## Problem details
The data below is to be written out exactly, with no pictures.

## Recorded data
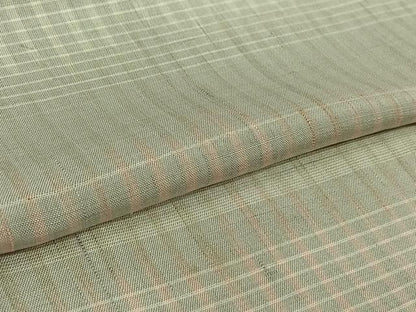 平和屋着物▽上質な紬　単衣　横段文　正絹　逸品　AABL0493jh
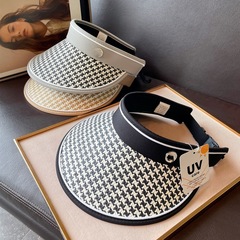 帽子女夏季千鳥格可摺疊空頂太陽帽草帽遮臉防曬帽拉菲草遮陽帽女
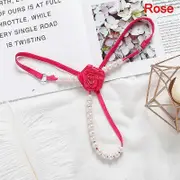 1 Pcs Womens Ladies Briefs Micro G-string Thongs Sexy Lingerie Underwear With Pearl Rose red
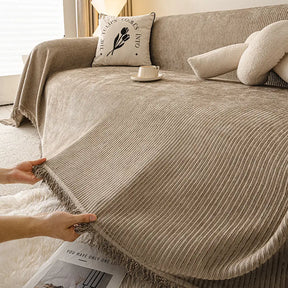 Jeté de canapé  aux rayures couverture de canapé en chenille moderne classique, résistante, lavable.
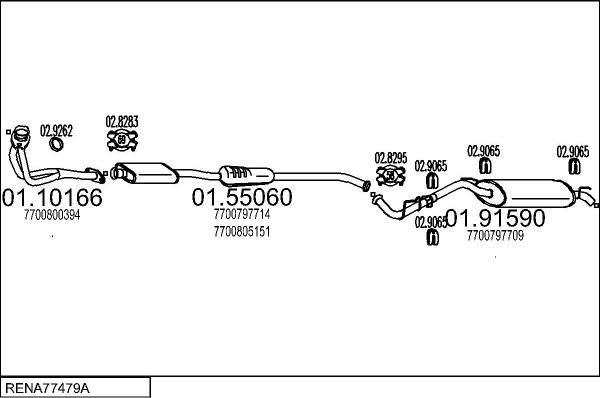 MTS RENA77479A008612 - Система випуску ОГ autocars.com.ua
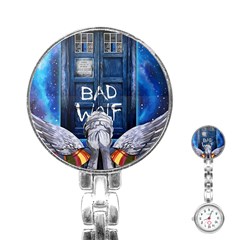 Doctor Who Adventure Bad Wolf Tardis Stainless Steel Nurses Watch by Cendanart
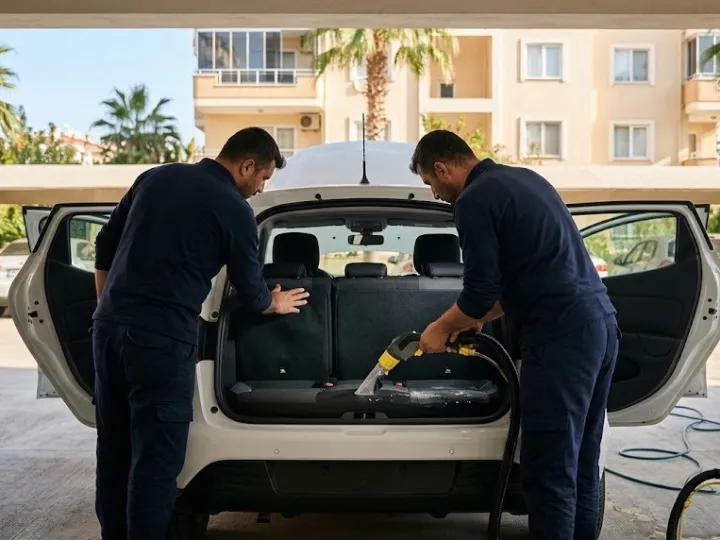 Mersin'de araç koltuk yıkama sırasında aracın arka koltuğunu temizleyen ekip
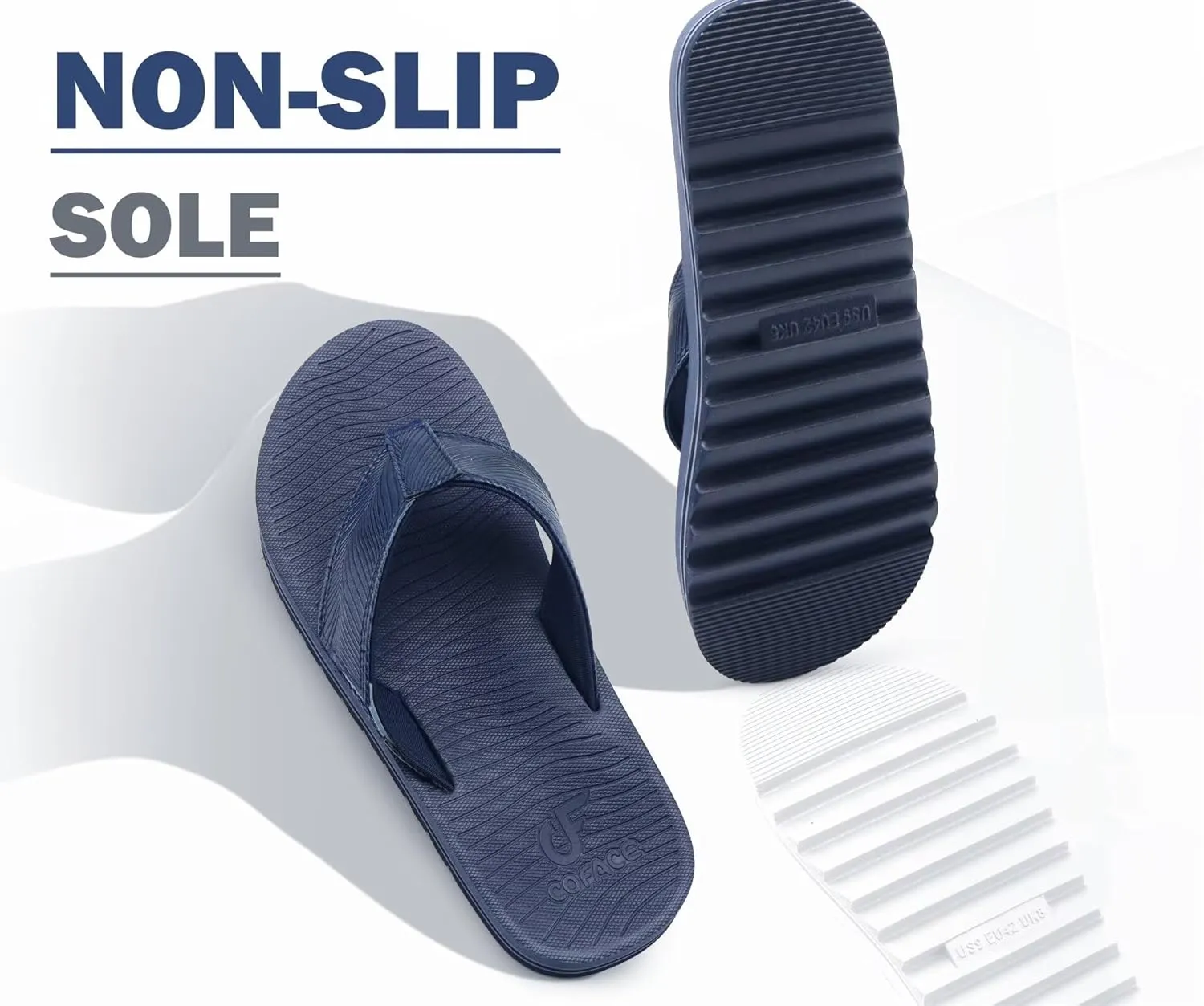 COFACE Mens Arch Support Flip Flops Yoga Mat Comfortable Thick Cushion Recovery Walking Thong Sandals Lightweight Slip On Summer Beach Slippers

## Problem solution
 平和屋着物▽上質な紬　単衣　横段文　正絹　逸品　AABL0493jh
 帽子女夏季千鳥格可摺疊空頂太陽帽草帽遮臉防曬帽拉菲草遮陽帽女
 1 Pcs Womens Ladies Briefs Micro G-string Thongs Sexy Lingerie Underwear With Pearl Rose red
 Jeté de canapé  aux rayures couverture de canapé en chenille moderne classique, résistante, lavable.
 MTS RENA77479A008612 - Система випуску ОГ autocars.com.ua
 Doctor Who Adventure Bad Wolf Tardis Stainless Steel Nurses Watch by Cendanart
 Mersin'de araç koltuk yıkama sırasında aracın arka koltuğunu temizleyen ekip
 COFACE Mens Arch Support Flip Flops Yoga Mat Comfortable Thick Cushion Recovery Walking Thong Sandals Lightweight Slip On Summer Beach Slippers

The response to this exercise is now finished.